What needs to be done:
For every entry, reproduce the wording exactly and omit any image it holds.

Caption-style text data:
▼▼▼

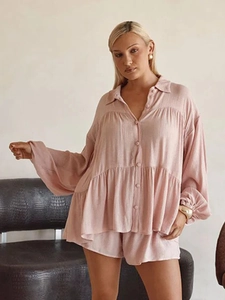 Detail of mauve lantern sleeve button shirt and matching textured shorts vacation set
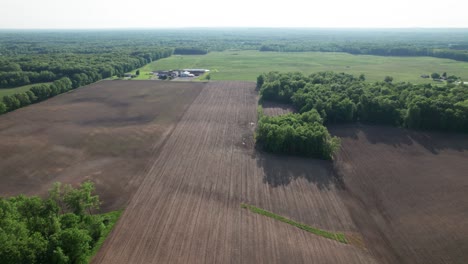 an aerial view of green meadow with grass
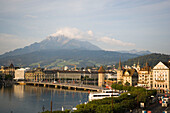 Seebrücke, Kapellbrücke (chapel bridge, oldest covered bridge of Europe) and Wasserturm, mountains in background, Lucerne, Canton Lucerne, Switzerland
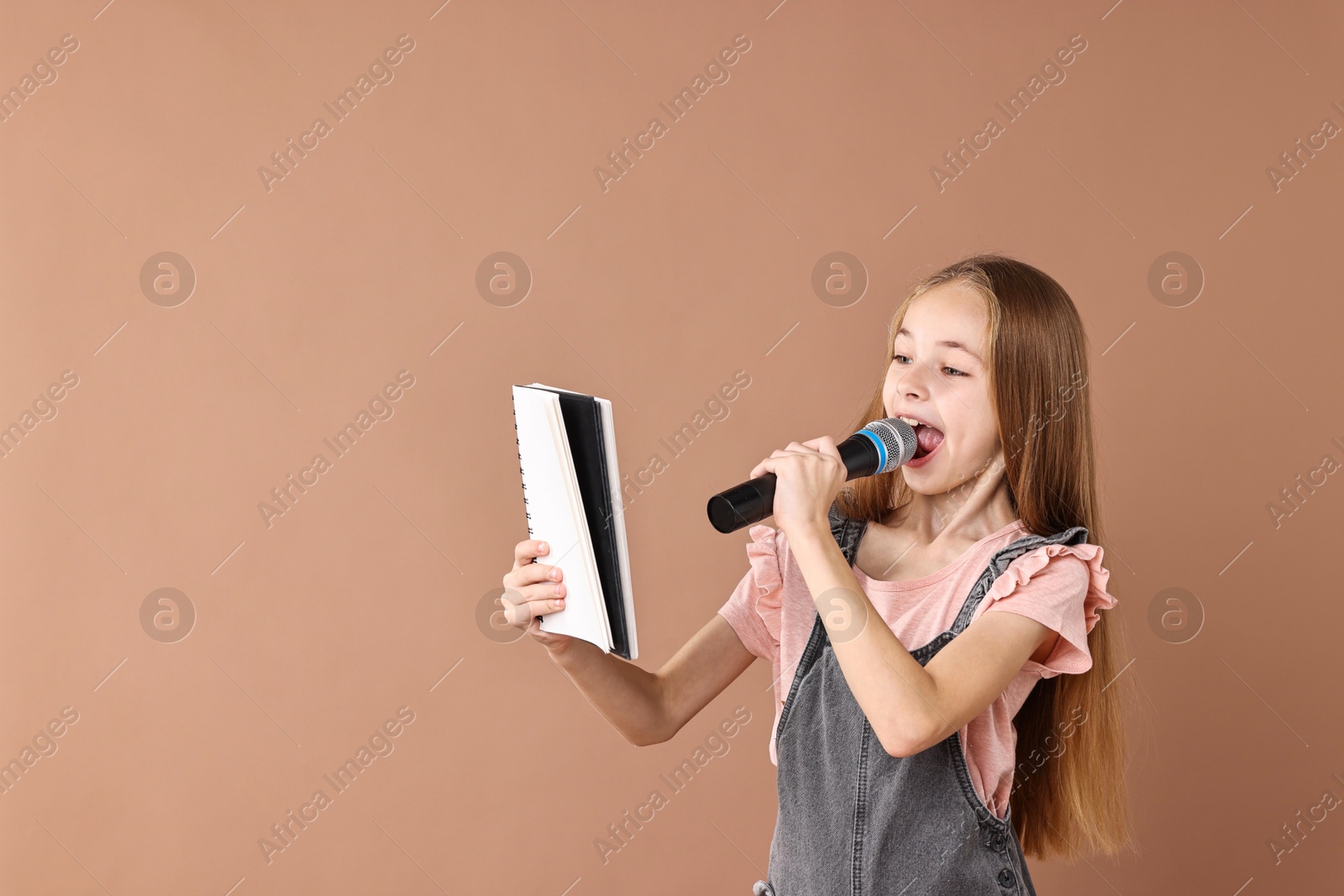 Photo of Little girl with microphone and notebook singing on light brown background, space for text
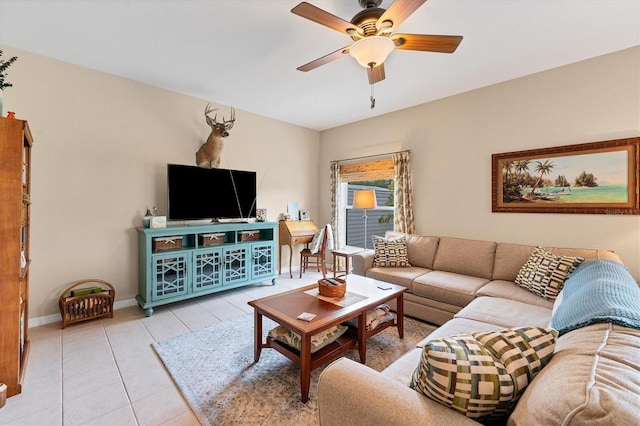 tiled living room with ceiling fan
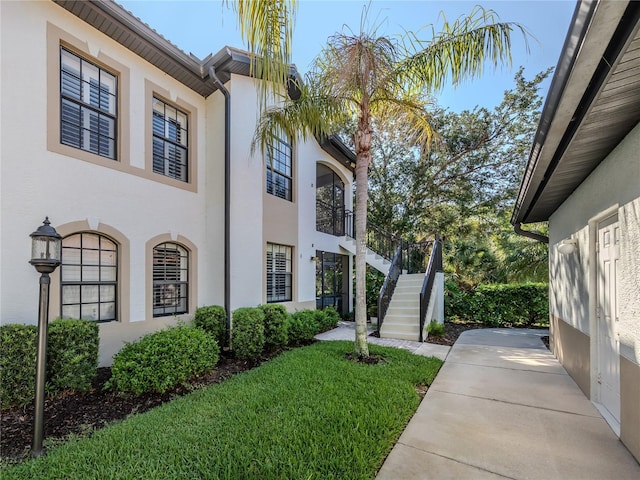 view of side of home with a lawn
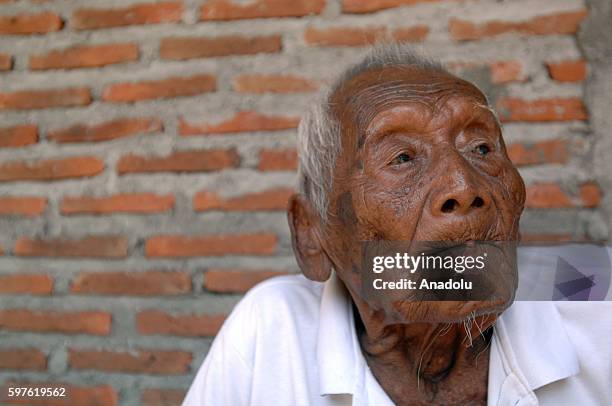 An Indonesian man, named Mbah Gotho, claimed to be 146 years old, is the oldest human in world's history speaks to press members at his family house...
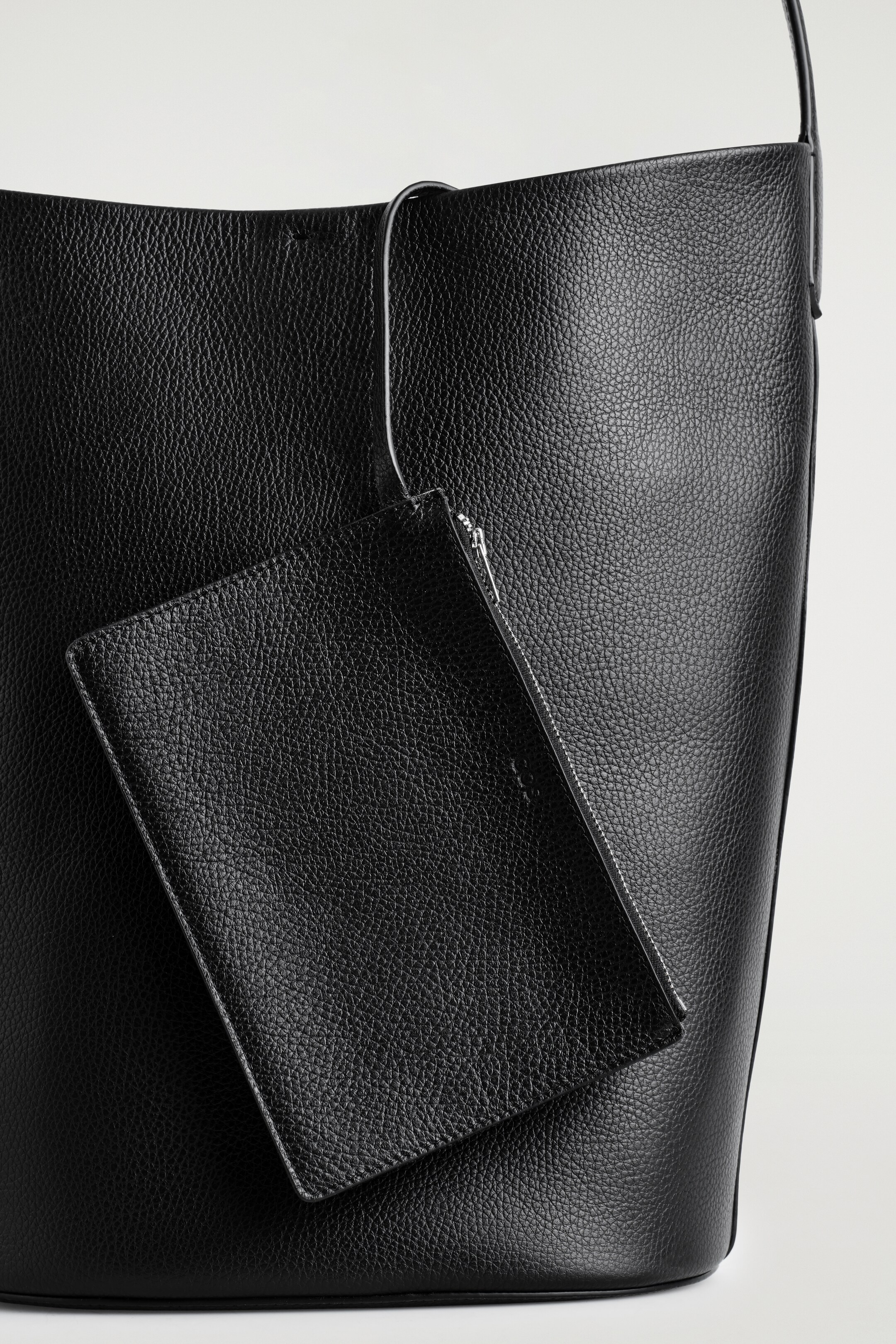 Ver imagem maior: Uma mala tote de couro preto está a ser exibida, apresentando uma textura granulada e uma forma suave e desleixada onde a borda superior está a dobrar-se suavemente. Uma bolsa retangular correspondente com um fecho de correr prateado está visivelmente pendurada na mala principal.
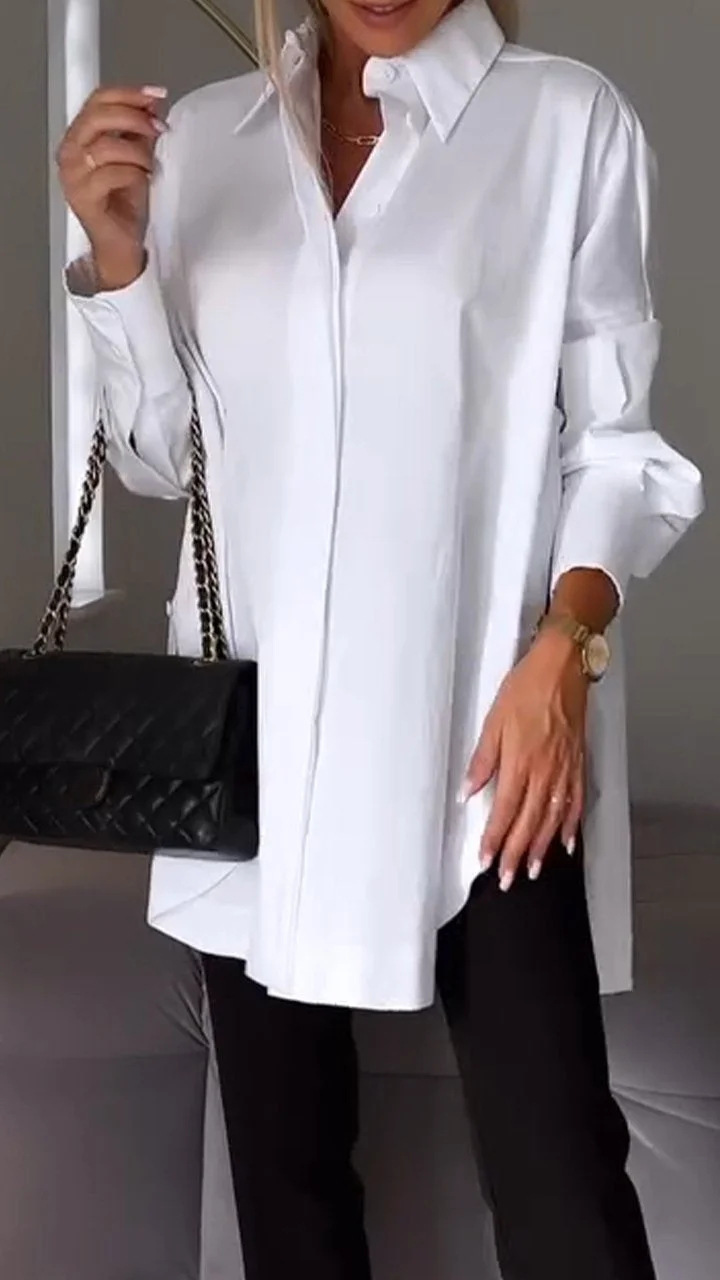 Elegante oversized blouse met opgerolde mouwen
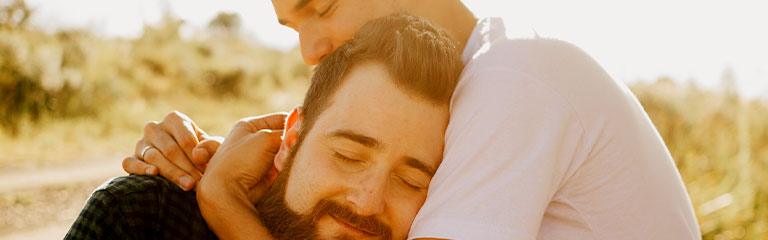 Two men embrace in a sunlit park. Making time to relax and unwind together - or separately - will help foster intimacy by giving you energy to spend with each other - and on other social commitments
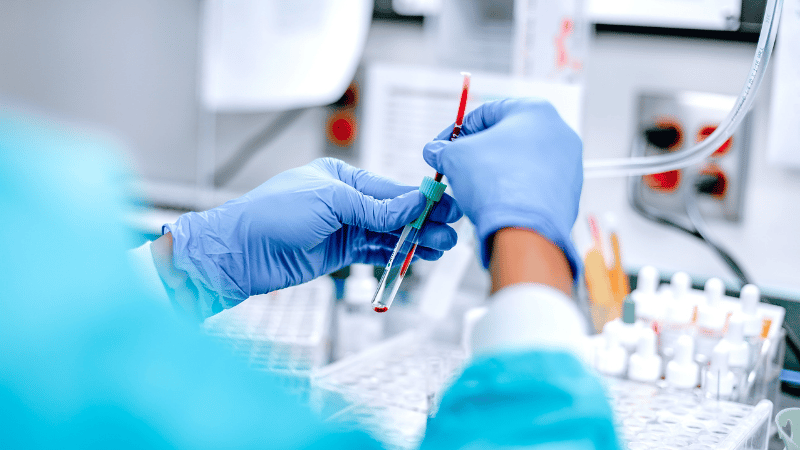 A researcher holding a test tube.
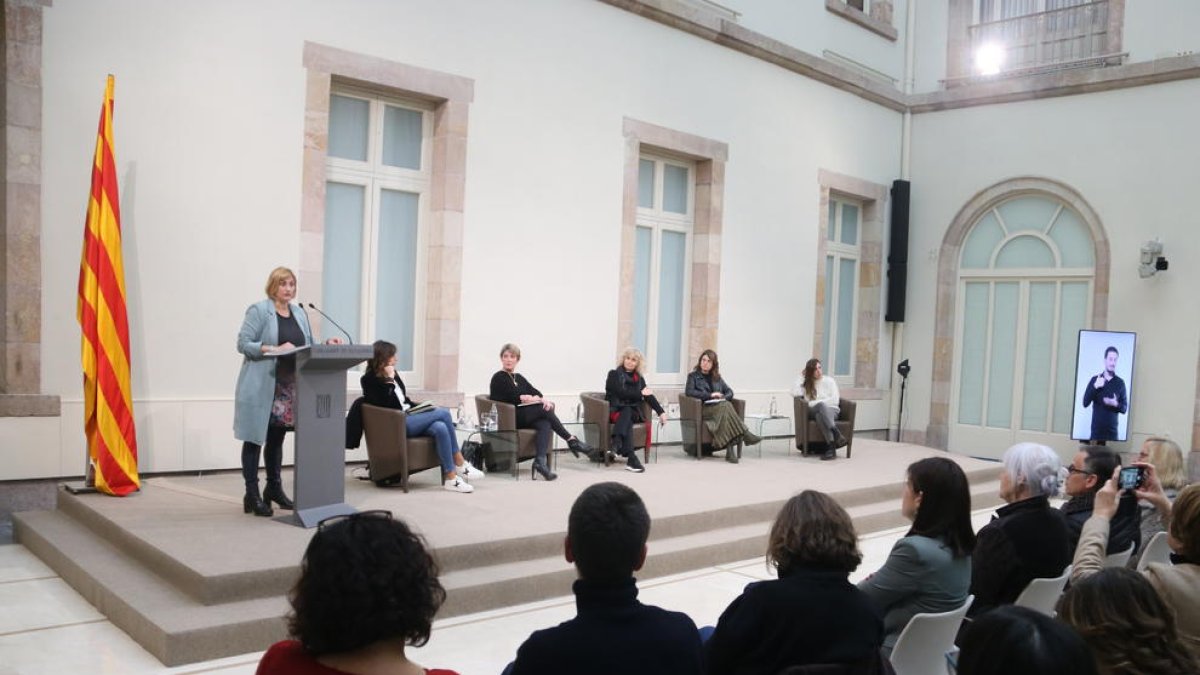 La vicepresidenta primera en funcions de presidenta del Parlament, Alba Vergés, durant l'acte, acompanyada de diverses periodistes.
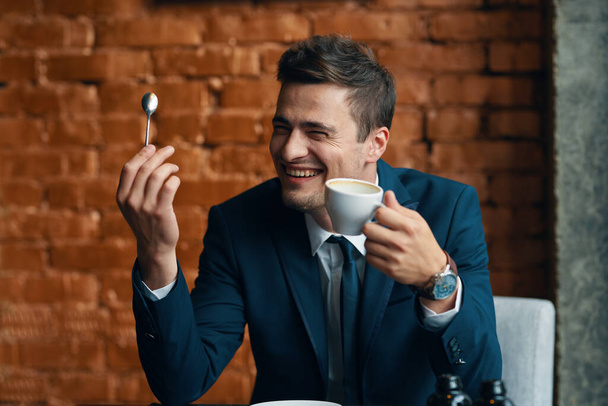 Jonge gelukkige zakenman met koffiekop op kantoor  - Foto, afbeelding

▲▲▲

Solution to the problem:
 Detail of mauve lantern sleeve button shirt and matching textured shorts vacation set
 an aerial view of green meadow with grass
 Seebrücke, Kapellbrücke (chapel bridge, oldest covered bridge of Europe) and Wasserturm, mountains in background, Lucerne, Canton Lucerne, Switzerland
 Photo of Little girl with microphone and notebook singing on light brown background, space for text
 tiled living room with ceiling fan
 view of side of home with a lawn
 An Indonesian man, named Mbah Gotho, claimed to be 146 years old, is the oldest human in world's history speaks to press members at his family house...
 Ver imagem maior: Uma mala tote de couro preto está a ser exibida, apresentando uma textura granulada e uma forma suave e desleixada onde a borda superior está a dobrar-se suavemente. Uma bolsa retangular correspondente com um fecho de correr prateado está visivelmente pendurada na mala principal.
 Elegante oversized blouse met opgerolde mouwen
 Two men embrace in a sunlit park. Making time to relax and unwind together - or separately - will help foster intimacy by giving you energy to spend with each other - and on other social commitments
 A researcher holding a test tube.
 La vicepresidenta primera en funcions de presidenta del Parlament, Alba Vergés, durant l'acte, acompanyada de diverses periodistes.
 Jonge gelukkige zakenman met koffiekop op kantoor  - Foto, afbeelding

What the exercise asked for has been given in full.